# Bretonnia on the way out for good.



## Angel of Blood (Aug 18, 2010)

Hot on the heels of the Tomb Kings, the entire Bretonnia range have now acquired the dreaded red skull hour glass. Quite a lot from the Empire, Dwarves and High Elves have been assigned it too. 

It's a real shame, Brets were always one of my fave armies, just sad to see it all going. Still don't like or agree with AOS. Total War: Warhammer is just getting more and more appealing and nostalgic with every announcement.


----------



## Angel of Blood (Aug 18, 2010)

I appreciate some may just be getting rebased. But pretty sure Brets are done.


----------



## Old Man78 (Nov 3, 2011)

I think it a tragedy that fantasy got killed off, in my youth I started off collecting empire, before falling out of the hobby and returning with 40k, I remember seeing Bretonnians for the first time in an issue of white dwarf (which I think I still have) with Andy Chambers own army, thinking this the coolest thing ever along with his skaven.

Is there another decent system out there that covers fantasy wargaming?


----------



## Haskanael (Jul 5, 2011)

Oldman78 said:


> I think it a tragedy that fantasy got killed off, in my youth I started off collecting empire, before falling out of the hobby and returning with 40k, I remember seeing Bretonnians for the first time in an issue of white dwarf (which I think I still have) with Andy Chambers own army, thinking this the coolest thing ever along with his skaven.
> 
> Is there another decent system out there that covers fantasy wargaming?


I heard Kings of war was pretty good.


----------



## Tha Tall One (Aug 16, 2008)

I hope that the people who didn't see this coming and kept telling us that we shouldn't complain about the wonderful change to AoS, because nothing was stopping us from playing warhammer 'our way', finally understand our resentment and bitterness.


----------



## ntaw (Jul 20, 2012)

Angel of Blood said:


> I appreciate some may just be getting rebased. But pretty sure Brets are done.


The name is, that's for sure. Hard to get IP rights on such a ubiquitous moniker. Is there anything aside from old minis getting pulled to show that they have no future place in AoS?



Tha Tall One said:


> I hope that the people who didn't see this coming and kept telling us that we shouldn't complain about the wonderful change to AoS, because nothing was stopping us from playing warhammer 'our way', finally understand our resentment and bitterness.


Complain on! Resentment and bitterness is what holds Heresy together, chirping on the internet is the way and the light brother :laugh:


----------



## Einherjar667 (Aug 23, 2013)

My guess is that eventually, we will see an Imperial Guard equivilant to AoS in the form of an Empire/Bret amalgum. If Sigmarites = Space Marines, then Empier+Bretonnia=Imperial Guard. 

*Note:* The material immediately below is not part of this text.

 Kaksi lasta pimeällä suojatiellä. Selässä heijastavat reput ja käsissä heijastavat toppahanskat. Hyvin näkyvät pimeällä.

If Archaon is still around, and Slayers are still around, why wouldn't we see a reiteration of Bretonnians?


----------



## Asamodai (Oct 19, 2008)

Well here'so the thing. There is no Bretonnia, so there are no Bretonnians. What there are are a variety of human tribes,clans and civilisations from all over the Mortal Realms, collectively known as Free People's. Now, while yes, these Free People are generally represented by former Empire models, there is no reason if you have Bretonnian models that you can'take also use them to represent a different style of Free People. One group of human, lance armed, heavy cavalry is functionally largely the same as another, as is a block of spear welding infantry. 

You could even claim your army to be from a human civilisation that settled in the Realms of Life and pretty much recreate Bretonnia in the new world as you see fit. Sure it'd be homebrew but that shouldn't be a big deal.

And if you don't like the Free People's rules in the new Battle tome. There's still a full set of Bretonnian warscrolls. You could even mix the two.


----------



## Asamodai (Oct 19, 2008)

Einherjar667 said:


> My guess is that eventually, we will see an Imperial Guard equivilant to AoS in the form of an Empire/Bret amalgum. If Sigmarites = Space Marines, then Empier+Bretonnia=Imperial Guard.
> 
> If Archaon is still around, and Slayers are still around, why wouldn't we see a reiteration of Bretonnians?


Empire have always = Imperial Guard. Just like High Elves have always = Eldar, Chaos Warriors = Chaos Space Marines, Dark Elves = Dark Eldar, Orcs = Orcs and Tomb Kings = Necrons. I'might certain the future will see new human models.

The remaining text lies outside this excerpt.